The mystical experience is often rooted in asceticism and can involve visions, trances, and ecstasies; many religious traditions prescribe meditative and contemplative techniques for achieving mystical experience. Official churches fluctuate between acceptance of mysticism as a form of special grace, and suspicion of it as a dangerous deviation, verging on the heretical.

From the 1960s an interest in Zen Buddhism, Tantric Buddhism, Taoism, and other mystical Asian religions became widespread.

In the 12th and 13th centuries there was an unusual growth of mysticism throughout Christian Europe and such names emerged as Meister Eckhard and St Francis of Assisi; in the 14th century Julian of Norwich and Thomas à Kempis. But since that era, except for individuals such as Paracelsus, Emanuel Swedenborg, and Jakob Boehme, mysticism has not flourished in the West. In the East, mysticism is the root of Taoism and Buddhism.

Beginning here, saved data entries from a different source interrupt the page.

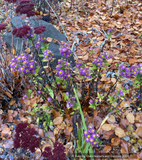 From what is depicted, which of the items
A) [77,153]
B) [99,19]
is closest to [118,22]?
[99,19]

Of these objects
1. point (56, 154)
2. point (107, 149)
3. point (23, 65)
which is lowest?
point (107, 149)

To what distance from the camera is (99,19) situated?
2.77 m

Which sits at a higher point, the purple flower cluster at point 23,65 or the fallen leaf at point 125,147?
the purple flower cluster at point 23,65

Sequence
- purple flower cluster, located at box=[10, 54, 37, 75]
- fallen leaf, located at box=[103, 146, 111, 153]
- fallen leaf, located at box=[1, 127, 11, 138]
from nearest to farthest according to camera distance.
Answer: purple flower cluster, located at box=[10, 54, 37, 75] < fallen leaf, located at box=[103, 146, 111, 153] < fallen leaf, located at box=[1, 127, 11, 138]

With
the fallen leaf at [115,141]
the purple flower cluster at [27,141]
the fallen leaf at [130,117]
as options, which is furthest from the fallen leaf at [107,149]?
the purple flower cluster at [27,141]

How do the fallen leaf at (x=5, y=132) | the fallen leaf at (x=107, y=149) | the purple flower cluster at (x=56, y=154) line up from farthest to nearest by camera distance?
the fallen leaf at (x=5, y=132) → the fallen leaf at (x=107, y=149) → the purple flower cluster at (x=56, y=154)

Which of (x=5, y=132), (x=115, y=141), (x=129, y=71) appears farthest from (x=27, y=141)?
(x=129, y=71)

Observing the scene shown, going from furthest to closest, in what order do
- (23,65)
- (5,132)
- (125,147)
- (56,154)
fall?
(5,132)
(125,147)
(23,65)
(56,154)

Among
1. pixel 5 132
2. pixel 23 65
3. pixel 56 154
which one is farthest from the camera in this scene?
pixel 5 132

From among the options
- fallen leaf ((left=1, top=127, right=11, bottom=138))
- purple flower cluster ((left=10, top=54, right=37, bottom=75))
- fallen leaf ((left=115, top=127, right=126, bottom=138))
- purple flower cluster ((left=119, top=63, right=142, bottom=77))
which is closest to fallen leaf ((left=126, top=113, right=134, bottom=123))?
fallen leaf ((left=115, top=127, right=126, bottom=138))

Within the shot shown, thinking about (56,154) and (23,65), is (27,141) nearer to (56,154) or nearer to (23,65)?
(56,154)

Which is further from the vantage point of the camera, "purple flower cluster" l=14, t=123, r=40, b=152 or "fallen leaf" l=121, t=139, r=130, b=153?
"fallen leaf" l=121, t=139, r=130, b=153

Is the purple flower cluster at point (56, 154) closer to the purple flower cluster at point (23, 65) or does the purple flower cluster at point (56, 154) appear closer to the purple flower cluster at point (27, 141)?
the purple flower cluster at point (27, 141)

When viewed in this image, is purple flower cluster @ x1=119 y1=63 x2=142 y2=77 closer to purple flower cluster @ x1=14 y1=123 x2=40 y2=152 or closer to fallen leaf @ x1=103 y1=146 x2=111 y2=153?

A mystic is someone who awakens to a new consciousness of reality which transcends (although it includes) the normal world of the senses. The goal of mysticism is the intimation of a changeless element underlying all changing, timebound phenomena. When it is realized, perhaps as a passing flash of unusual joy or clarity, the mystic is made aware of the world in a new way, as though all barriers of subject–object no longer existed.